*** Exercise data ***

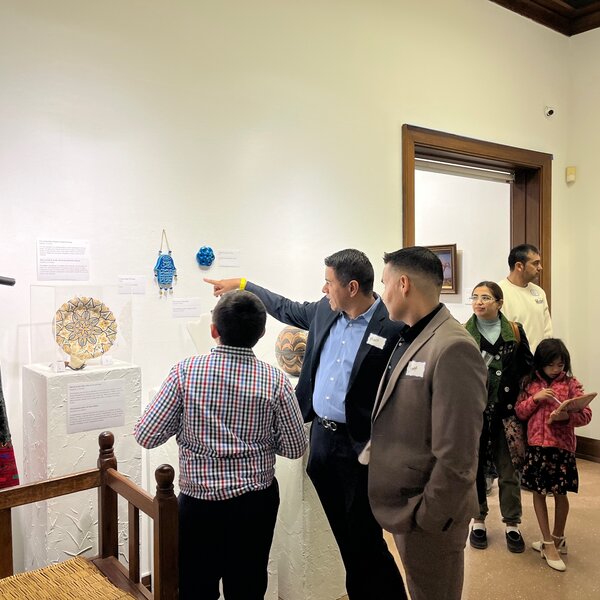 Guests welcome Sue Koenig's Window to the World: Africa and Middle East Gallery to the Museum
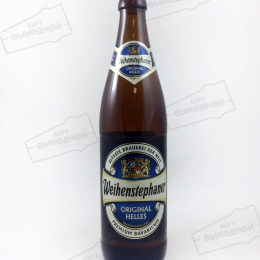 Weihenstephaner Original Helles / Вайненштефанер оригинальное светлое пиво 0,5 бут.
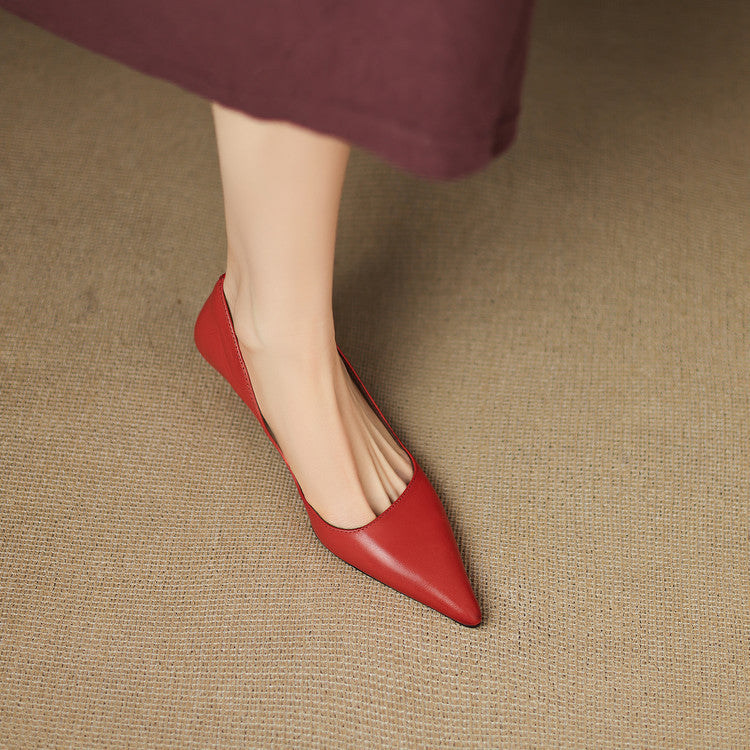 Vienna - Genuine Leather Heels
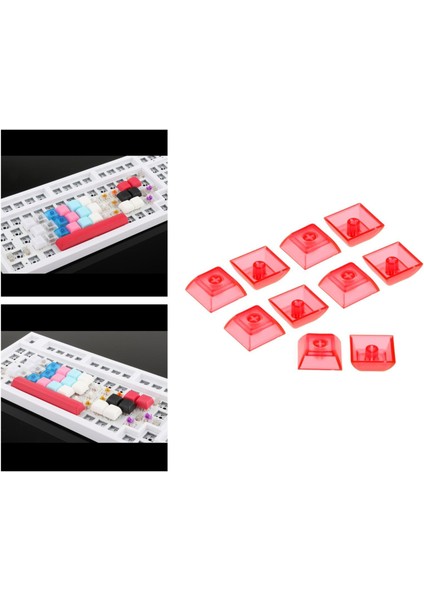 10 Parça 1u Şeffaf Keycaps Dıy Kiraz Mx Anahtarları Için Dıy Anahtar Kapaklar Set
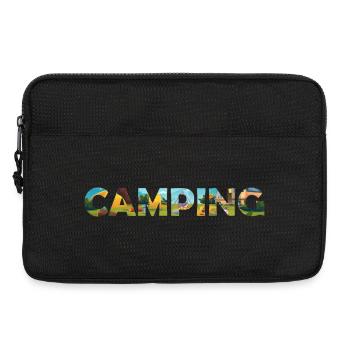 Sweat à capuche camping – Sweat à capuche pour amateurs de plein air – Vanlife - Sacoche pour ordinateur portable 13 pouces - noir - Devant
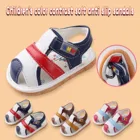 Сандалии для девочек, детская обувь, детские Сандалии, модные летние Сандалии контрастных цветов для улицы, босоножки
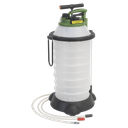 Sealey Manual Vacuum Oil & Fluid Extractor & Discharge 18L
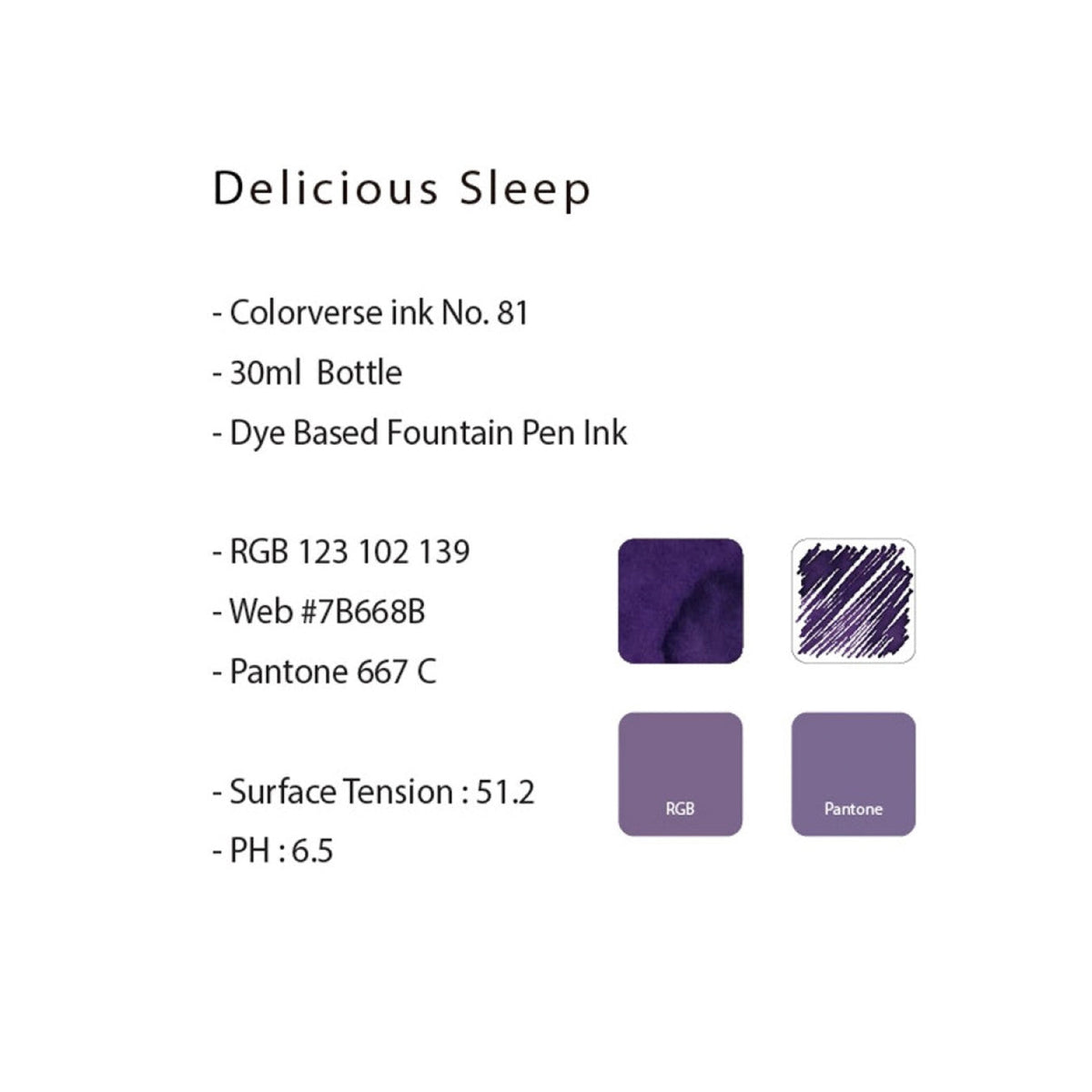 Colorverse Joy In The Ordinary Delicious Sleep Fountain Pen Ink – 30ml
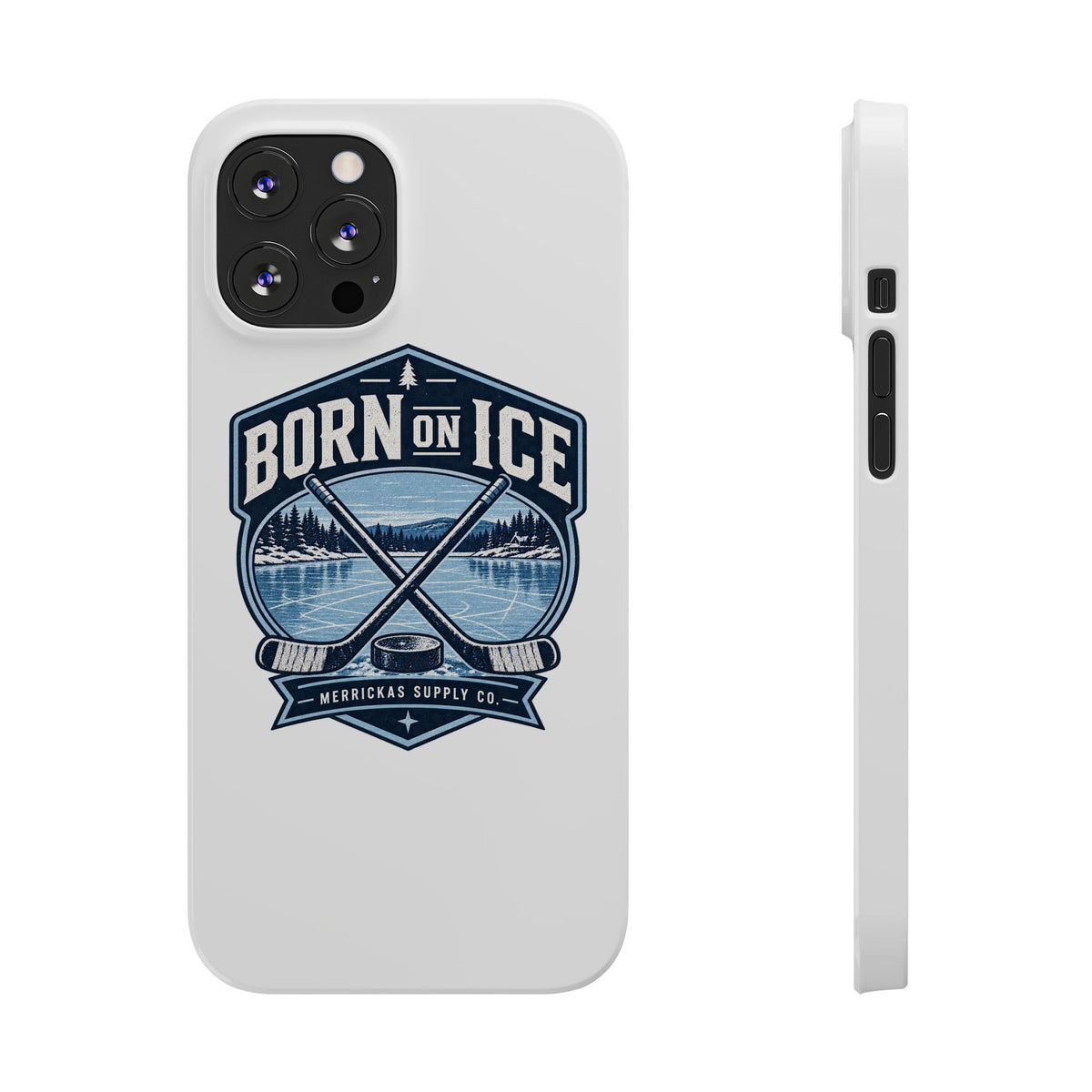 Born On Ice Phone Case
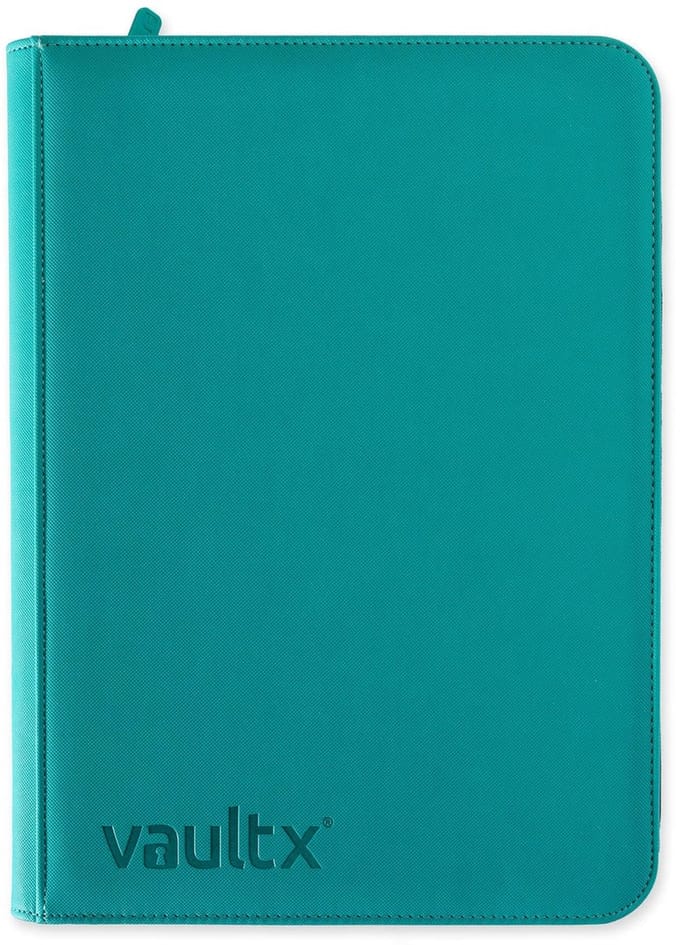 Vault X 9-Pocket Exo-Tec® Zip Binder - Verzamelmap - 360 Kaarten/Blauwgroen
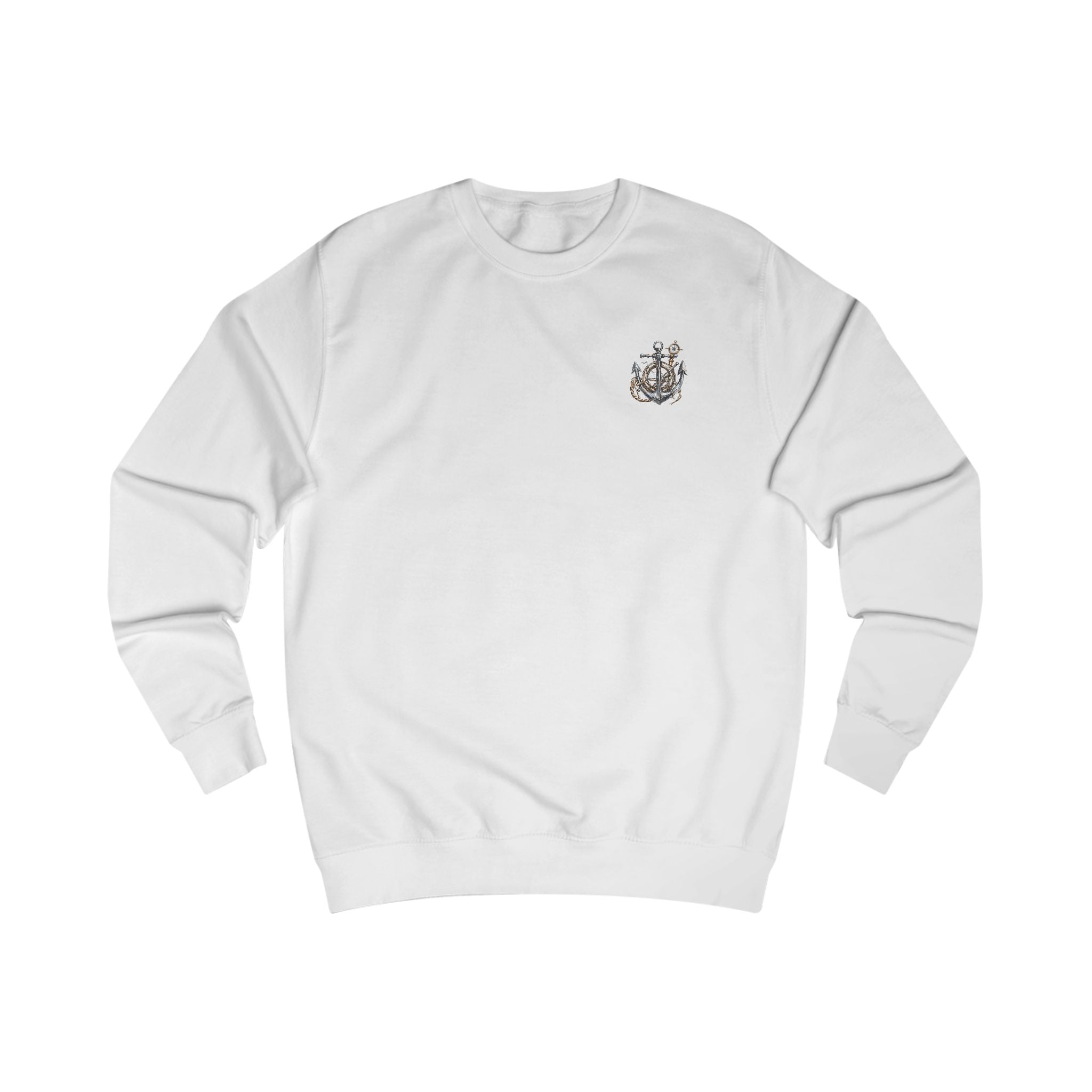 Nautical Compass Sweatshirt — Vintage Maritime Crewneck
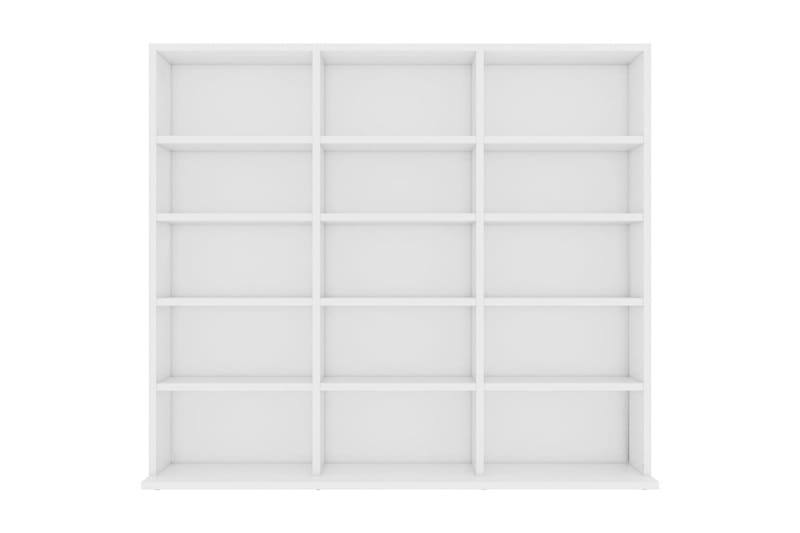 CD-hylla vit 102x23x89,5 cm spånskiva - Vit - Möbler - Tv möbel & mediamöbel - CD-hylla & DVD-hylla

***

What you need to do: Line for line, restate the data above and omit every picture.

Answer section:
 Guests welcome Sue Koenig's Window to the World: Africa and Middle East Gallery to the Museum
 Weihenstephaner Original Helles / Вайненштефанер оригинальное светлое пиво 0,5 бут.
 Vienna - Genuine Leather Heels
 10 Parça 1u Şeffaf Keycaps Dıy Kiraz Mx Anahtarları Için Dıy Anahtar Kapaklar Set
 Sweat à capuche camping – Sweat à capuche pour amateurs de plein air – Vanlife - Sacoche pour ordinateur portable 13 pouces - noir - Devant
 Сандалии для девочек, детская обувь, детские Сандалии, модные летние Сандалии контрастных цветов для улицы, босоножки
 Sealey Manual Vacuum Oil & Fluid Extractor & Discharge 18L
 Colorverse Joy In The Ordinary Delicious Sleep Fountain Pen Ink – 30ml
 Born On Ice Phone Case
 Vault X 9-Pocket Exo-Tec® Zip Binder - Verzamelmap - 360 Kaarten/Blauwgroen
 Nautical Compass Sweatshirt — Vintage Maritime Crewneck
 CD-hylla vit 102x23x89,5 cm spånskiva - Vit - Möbler - Tv möbel & mediamöbel - CD-hylla & DVD-hylla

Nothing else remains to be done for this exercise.